Amidst the seemingly endless sources of advice you can pull from the internet, it can feel overwhelming in determining which insights are actually valuable. Not to worry because we’ve got you covered. Below you will find eight key tips to keep in mind while building your startup to set yourself up on positive path for growth.
1.) Have More Than One Founder
Some of the most successful businesses that are still thriving today were built by people working together. Though opinions may differ as to what happens to co-founders when a company reaches meteoric success, these companies most likely would not have grown if they tried to do it all alone. Consider what strengths you bring to your business and think about what kinds of skills you may not possess that could help the startup. The path of the entrepreneur can be a long one and having someone else keep you accountable, motivated, and constantly on your grind can be invaluable in the long run. Though, this isn’t to say it’s impossible to foster a single founder startup.
2.) Your Business Plan and Business Model Canvas Are Crucial
Some of the top reasons why startups fail are due to lack of product market fit and not enough demand for the proposed solution. Though you may feel a hunch deep down that your solution will change the world, take some time to validate your assumptions and make sure. Having exploratory conversations with your intended customer segment informally and without framing it as a survey or test can yield powerful insight and help steer your startup in the right direction. Aside from the solution, investors will also want to know how you will make money and what research and testing you have done.

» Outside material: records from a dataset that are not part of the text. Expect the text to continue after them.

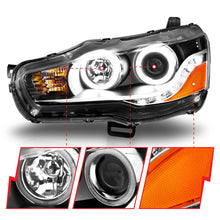 Load image into Gallery viewer, Anzo 2008-2015 Mitsubishi Lancer Projector Headlights w/ Halo Black (CCFL)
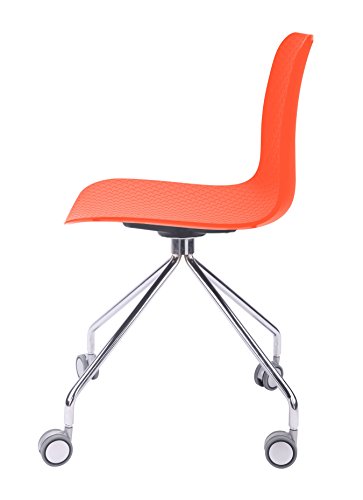 Cozyblock Hebe Series Orange Office Chair Designer Task Chair Molded Plastic Seat With Chrome Wheel Leg #TOP2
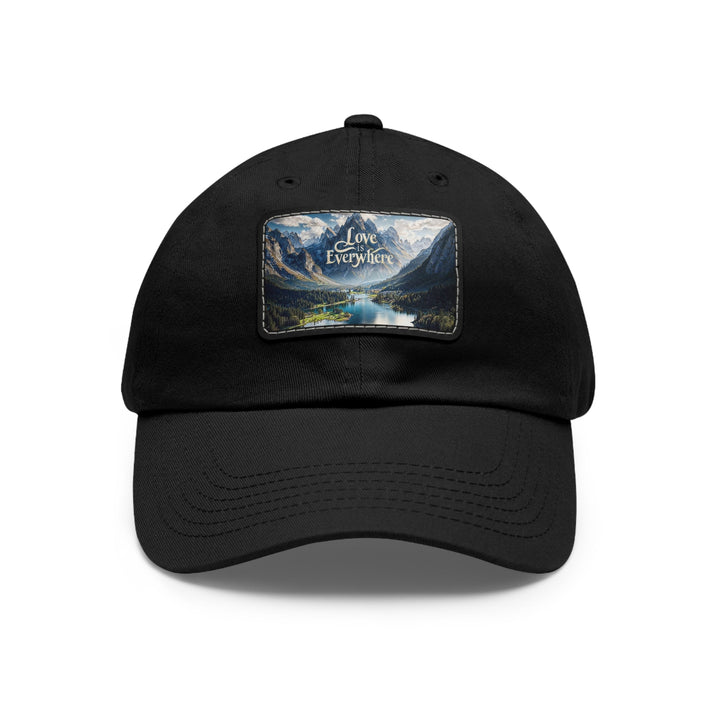 Mountainous Love Reflection - Dad Hat - Hats - g(0D·IO) - Black / Black patch - Rectangle - One size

3.) Be Mindful of Your Money
During the lifetime of your startup, you will need to get comfortable with raising money and managing it properly. If you are an ace fundraiser who can breeze through your seed round and onward, but has a burn rate that exceeds what you raise, then you are in trouble. Learning to operate lean and using resources strategically and only when necessary can keep your startup afloat much longer. Proper money management early on shows investors and those whom you hire that you are aware of the bigger picture and are planning accordingly.

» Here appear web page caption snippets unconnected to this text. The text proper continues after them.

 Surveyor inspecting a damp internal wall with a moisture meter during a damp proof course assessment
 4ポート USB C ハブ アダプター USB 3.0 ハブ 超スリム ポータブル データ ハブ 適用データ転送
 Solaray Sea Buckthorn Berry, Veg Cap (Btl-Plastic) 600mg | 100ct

4.) Be Flexible And Willing To Pivot
Take a page out of Slack's book and know when to pivot. Originally used as an internal tool for a game their company was developing, they realized that re-focusing their efforts on Slack as a collaboration product was what needed to happen. Similarly, while you are working on your offering, keep an open mind to what your startup's focus may become as you learn and develop along the way.

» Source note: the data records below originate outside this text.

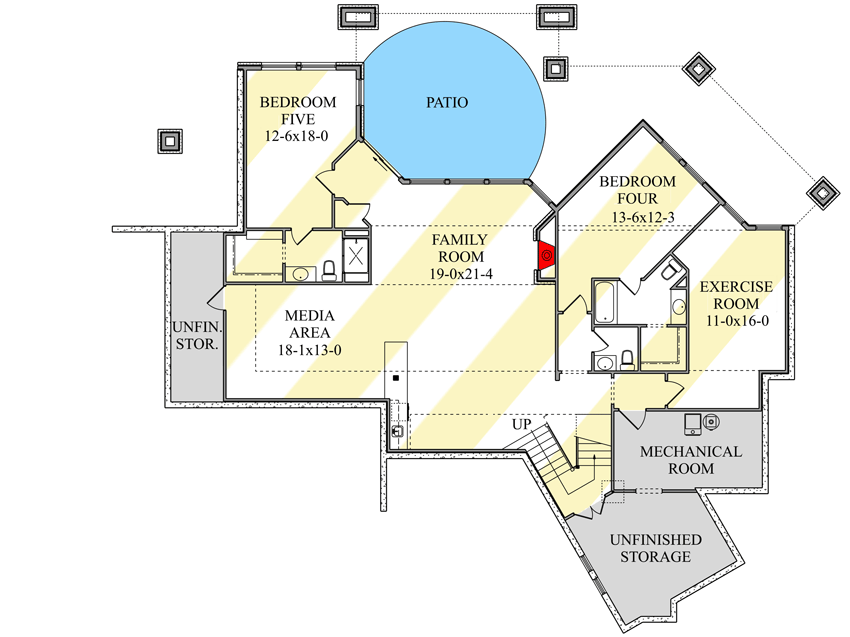 Plan 95064RW: Contemporary Two-Story Home Plan with First-Floor Master - Floor Plan - Optional Lower Level - Contemporary, Craftsman, Mountain, Rustic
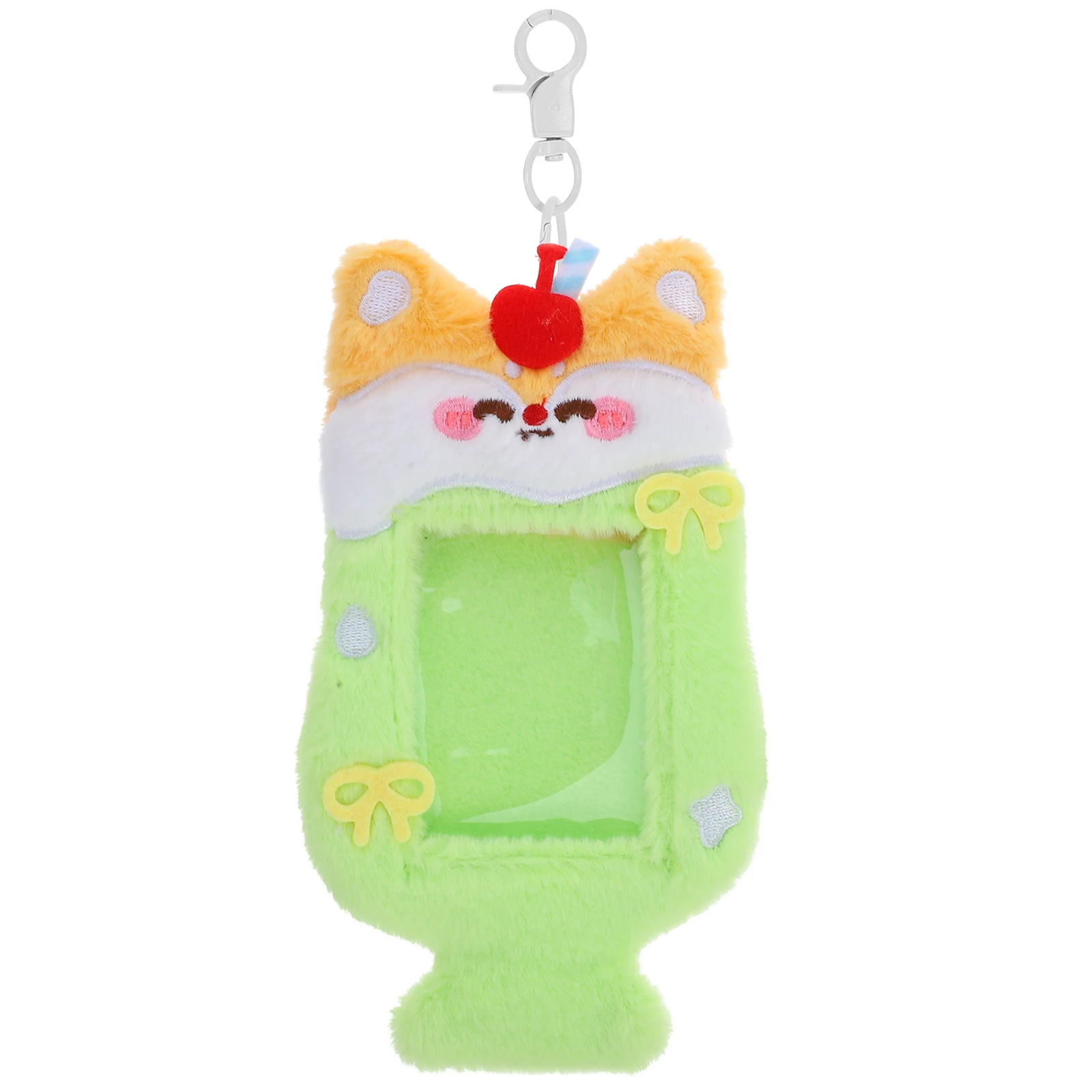

Photo Keychain Cute Card Holder Transparent ID Badge Holder for Lanyard Photocard Sleeve Cartoon Animal Design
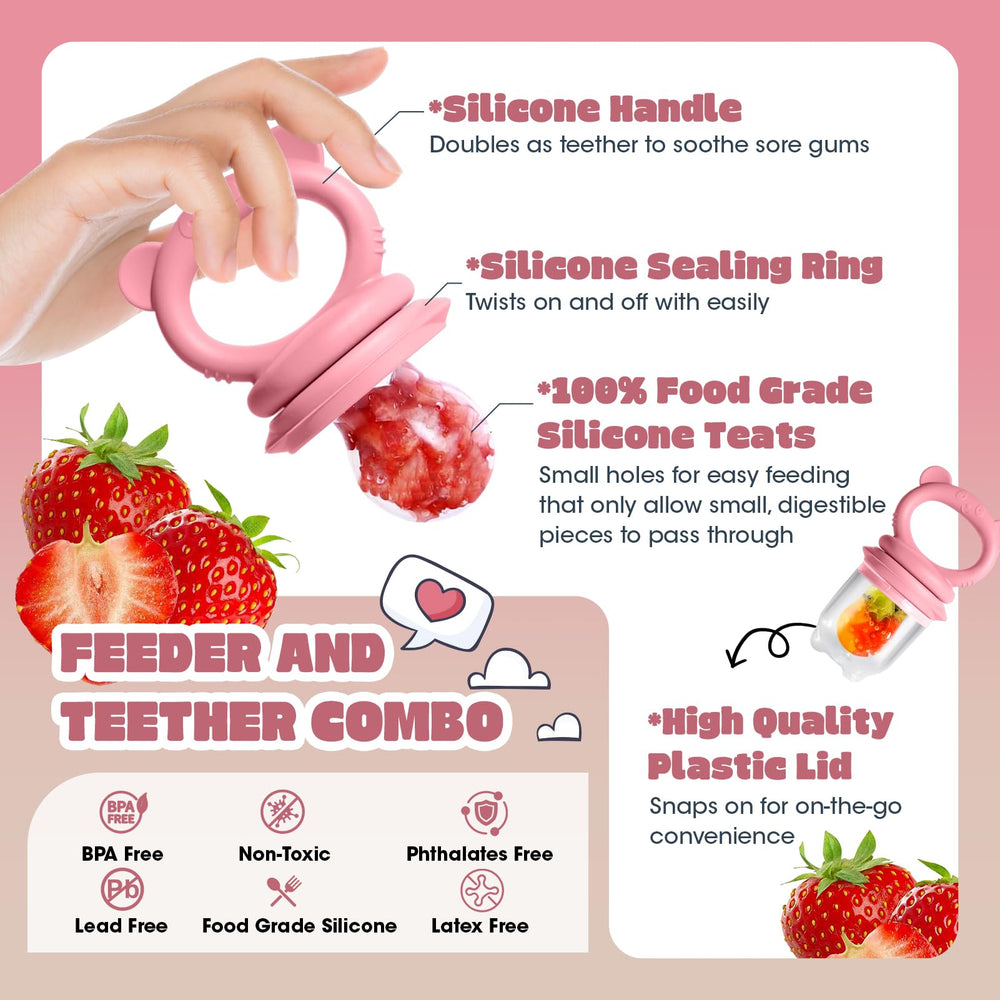 Catvegue silicone feeder handle doubles as teether for soothing gums.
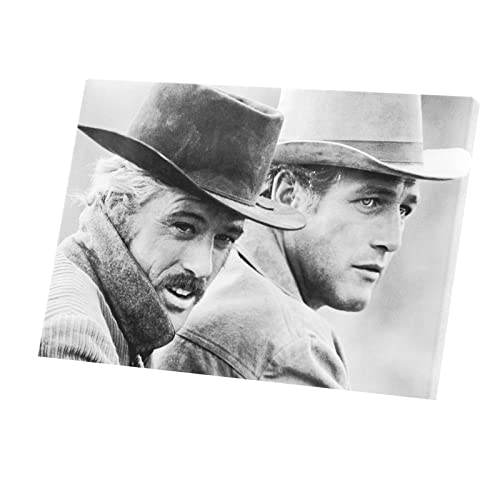 Kunstdruck auf Leinwand, Motiv "Star Celebrity Paul Newman und Robert Redford", 88 x 60 cm von French Unicorn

5.) Choose Your Investors Carefully
Each investor you encounter will have a different background, set of expectations, and degree of involvement they would like to have in your company. It is a delicate balancing act keeping your startup flush with capital and maintaining some degree of autonomy over your company to move it forward. The right partnership with an investor can yield invaluable mentorship and insight, while one taken in haste can lead to your downfall if you cannot meet their milestones at the agreed upon dates. Take a moment to read the fine print of any agreements and get to know the people who will invest in your company to make sure they are ones whom you can trust.
6.) Location Matters
Though you may get a killer deal for a warehouse space on the other side of town, there may also be a reason why that space has not been rented out for over eighteen months. As you look for a space to call your headquarters, a location that is within a reasonable distance from a hub where you can network, access resources, and meet with clients and investors is crucial. Unless you are ready to build out an entire campus, be strategic in where you locate yourself so that you can attract talent and access an established ecosystem that can help your business.
7.) Timing is Crucial
There can be such a thing as waiting too long and starting too soon. Though the decision to launch your product or beta may involve some instinct, it should also include research on what competitors are doing and whether the marketplace is looking favorable at the time of your intended launch. The perfect time may not exist, but doing your homework and preparing ahead of time can save you, your team, and investors unnecessary headaches and heartache.
8.) Hiring is An Iterative Process
A bad hire can make or break an organization in the early stages, so make sure each person you bring on is adding exceptional value to the company and is someone you can trust. It can be tempting to hire friends and family but remember that your resources are limited. Their skills, cultural fit, and contribution to the company should be why you decide to hire them. All agreements should also be formally documented and clearly defined so there are no surprises later on as to who owns what and what can or cannot be discussed even after an employee has moved on.